= What you are asked to do =
Exact copy, pictures excluded: please retype every record below.

= Materials provided =
────────────────────────────────────────
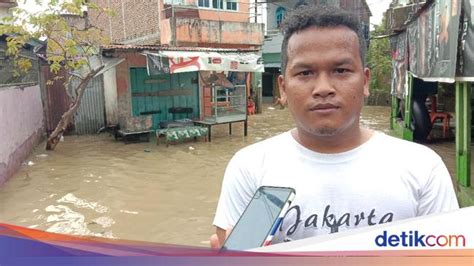 Banjir usai hujan deras sepanjang selasa (28/1) hingga rabu (29/1) mengakibatkan banjir yang merendam ribuan rumah di kota medan. Diguyur Hujan Semalaman, Permukiman di Medan Maimun ...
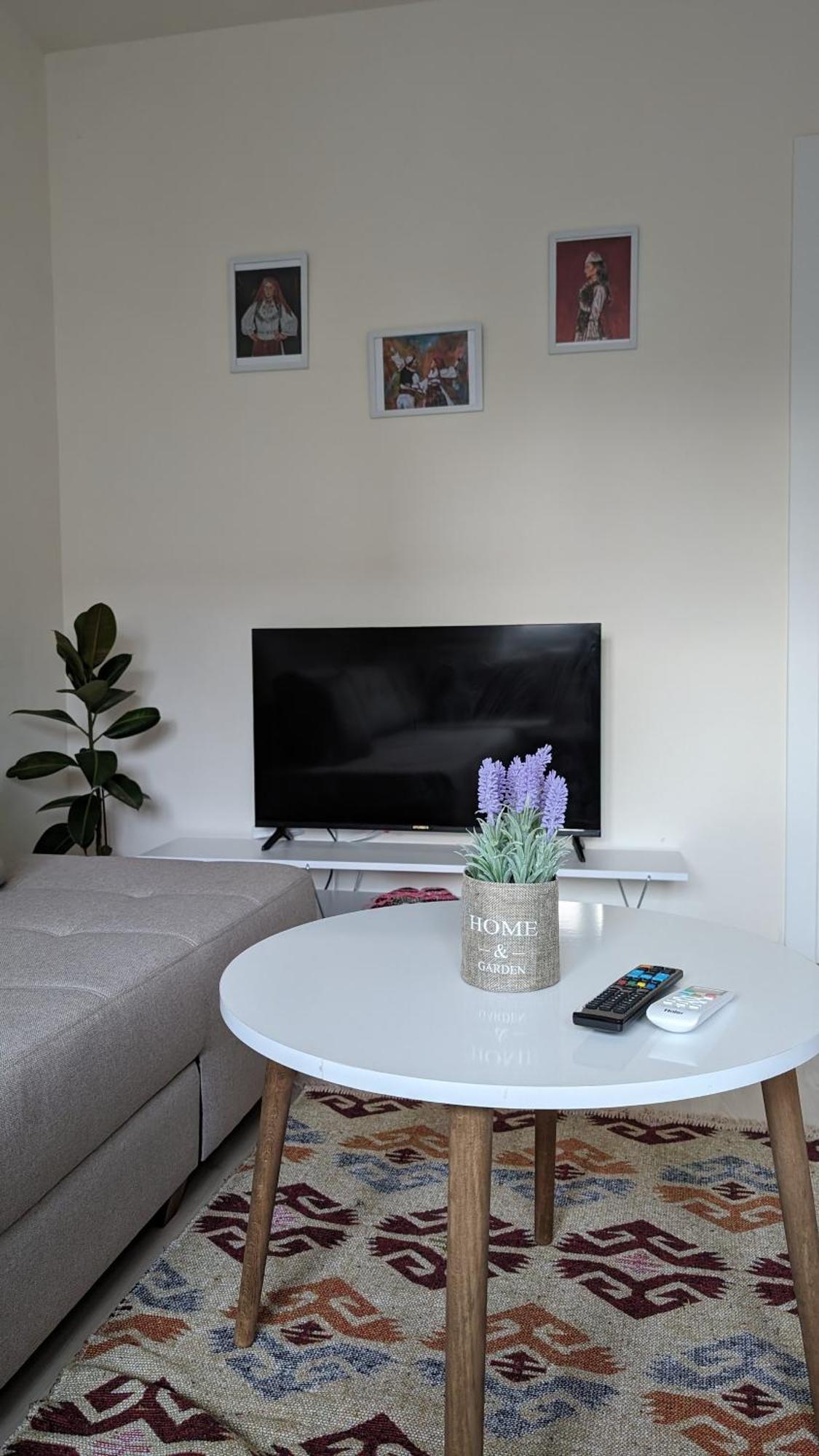 Modern Cozy Apartment 10 Min Walk To Skanderbeg Square Tirana Exteriör bild
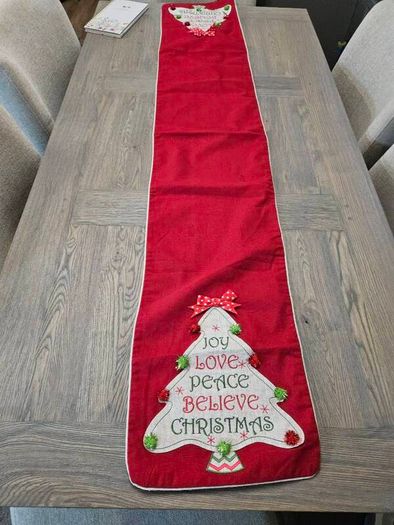Stunning Christmas table Runner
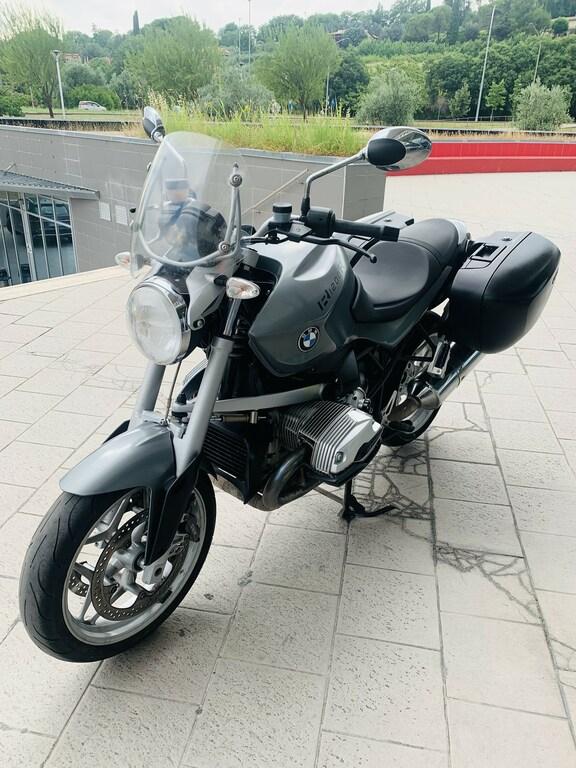 R 1200 R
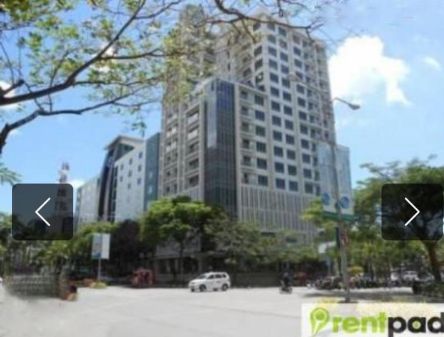 Fully Furnished 1BR Condo with Balcony Parking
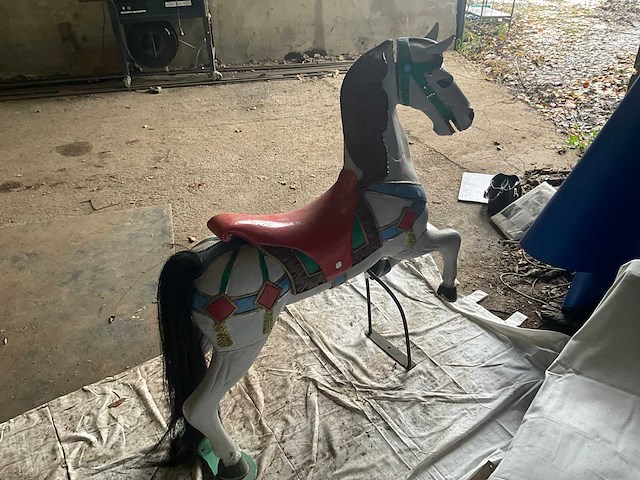 Carrouselpaard - afbeelding 6 van  7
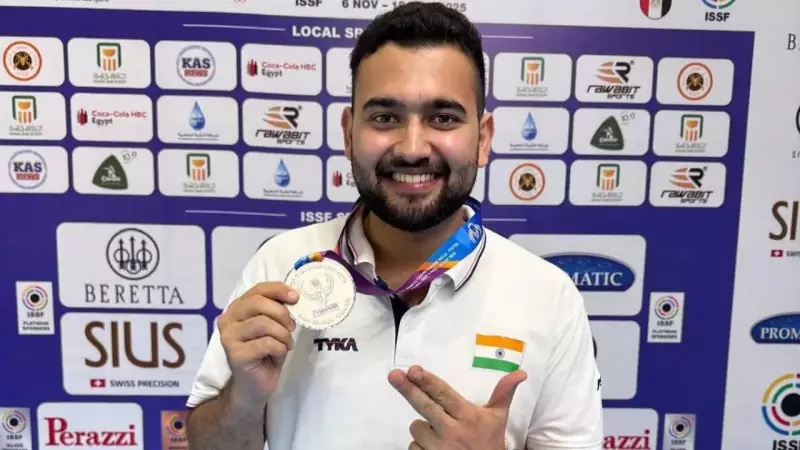 Anish Bhanwala Wins Silver at ISSF World Championships with 28 Points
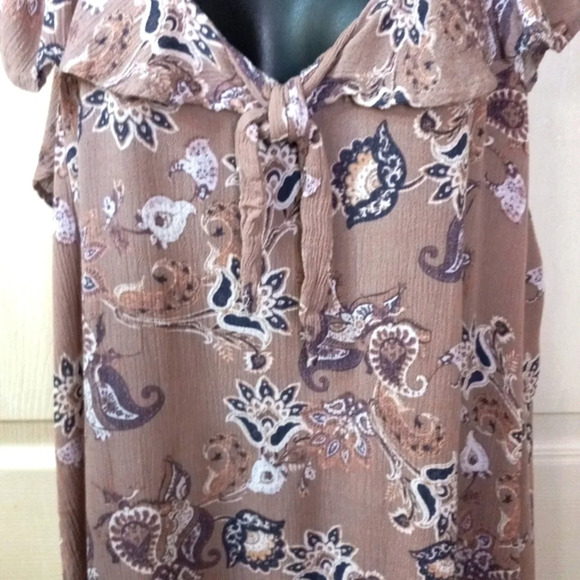 Torrid Walnut Paisley Gauze Cold Shoulder Top Size 3X Plus Size - Picture 5 of 12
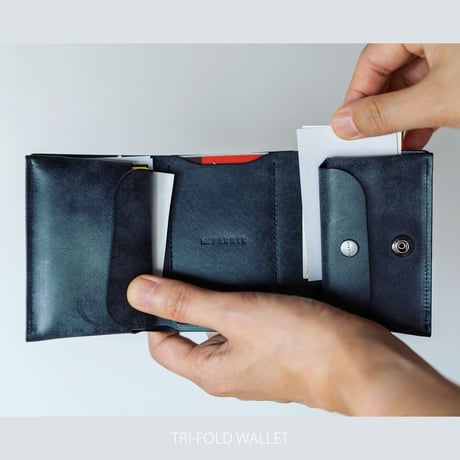 しっかり入ってコンパクトな財布　TRI-FOLD WALLET / BLACK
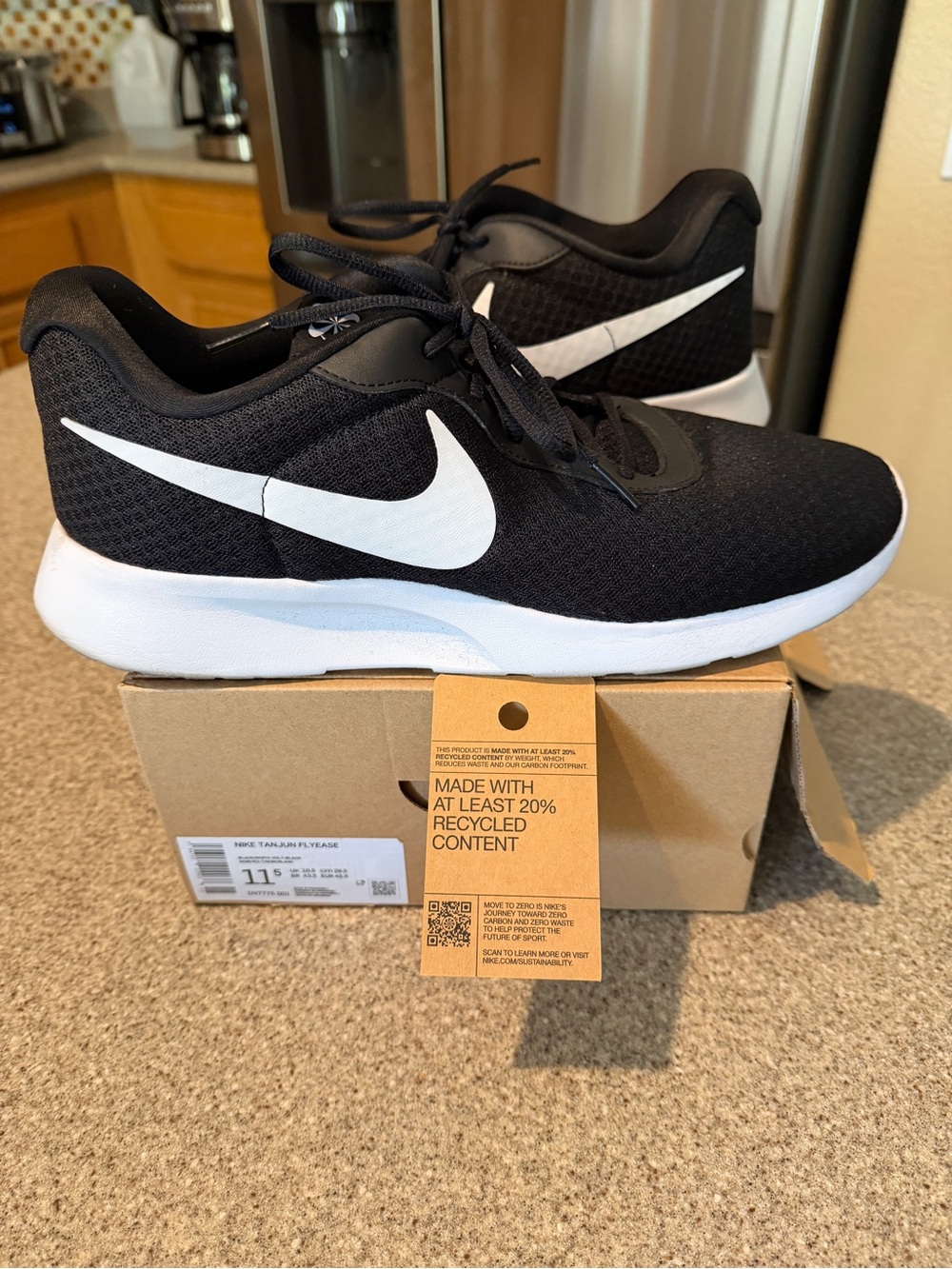 Nike Tanjun FlyEase EasyOn Men's 11.5 Sneakers Black/White DV7775-001 2024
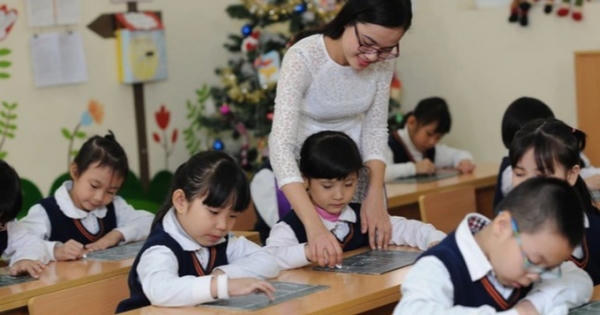 Tranh luận gay gắt về quan điểm "giáo viên không được gọi học sinh là con" Tranh luận gay gắt về quan điểm "giáo viên không được gọi học sinh là con"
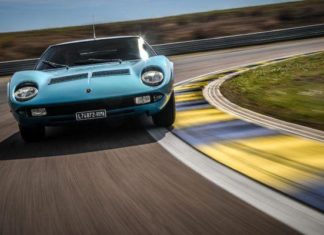 Taller de restauración Lamborghini Polo Storico trabaja con el nuevo Miura P400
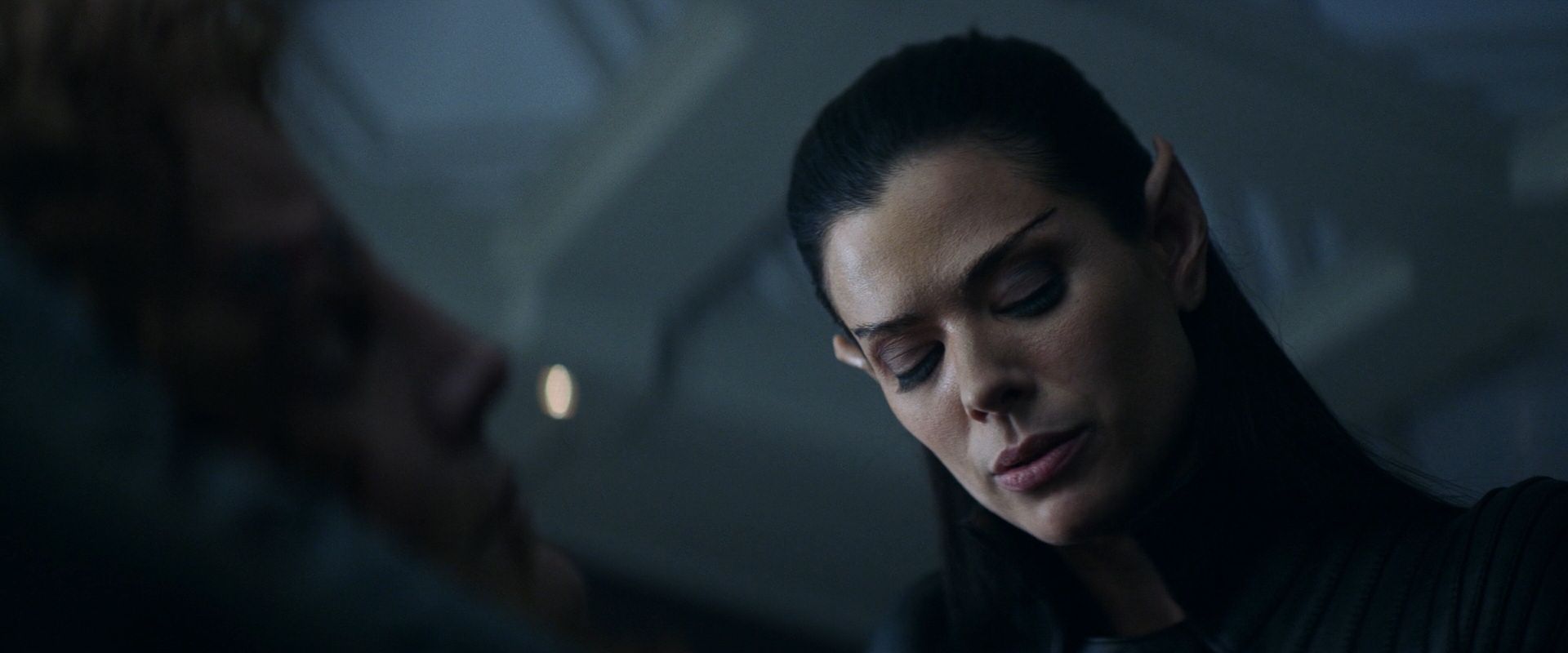 extant_StarTrek_PIC_1x08-BrokenPieces_00723.jpg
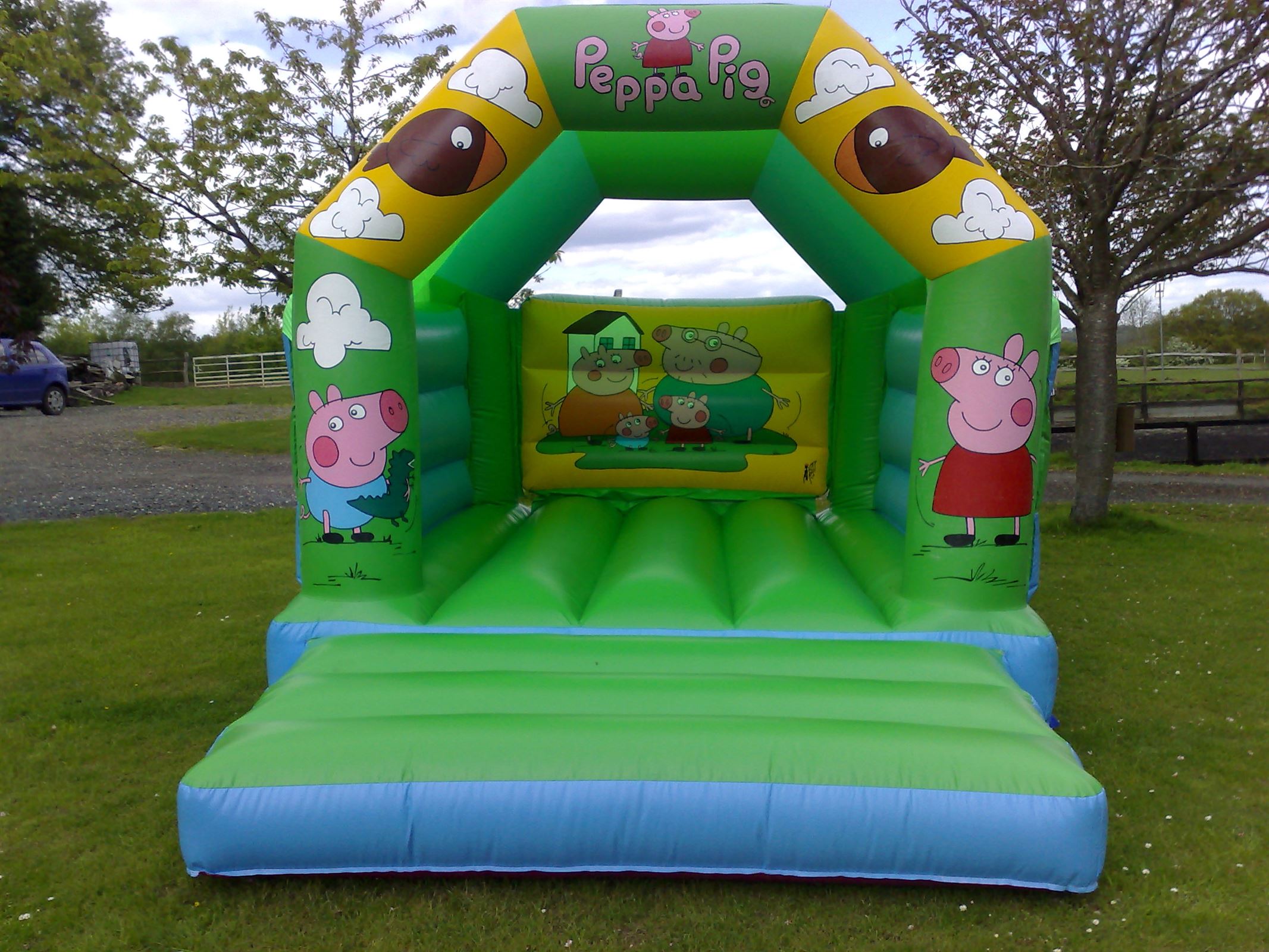 peppa pig bouncy castle hire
────────────────────────────────────────
= Result =
 Banjir usai hujan deras sepanjang selasa (28/1) hingga rabu (29/1) mengakibatkan banjir yang merendam ribuan rumah di kota medan. Diguyur Hujan Semalaman, Permukiman di Medan Maimun ...
 Modern Cozy Apartment 10 Min Walk To Skanderbeg Square Tirana Exteriör bild
Stunning Christmas table Runner
 R 1200 R
 Fully Furnished 1BR Condo with Balcony Parking
 Carrouselpaard - afbeelding 6 van  7
 Anish Bhanwala Wins Silver at ISSF World Championships with 28 Points
 Torrid Walnut Paisley Gauze Cold Shoulder Top Size 3X Plus Size - Picture 5 of 12
 しっかり入ってコンパクトな財布　TRI-FOLD WALLET / BLACK
 Nike Tanjun FlyEase EasyOn Men's 11.5 Sneakers Black/White DV7775-001 2024
 Tranh luận gay gắt về quan điểm "giáo viên không được gọi học sinh là con" Tranh luận gay gắt về quan điểm "giáo viên không được gọi học sinh là con"
 Taller de restauración Lamborghini Polo Storico trabaja con el nuevo Miura P400
 extant_StarTrek_PIC_1x08-BrokenPieces_00723.jpg
 peppa pig bouncy castle hire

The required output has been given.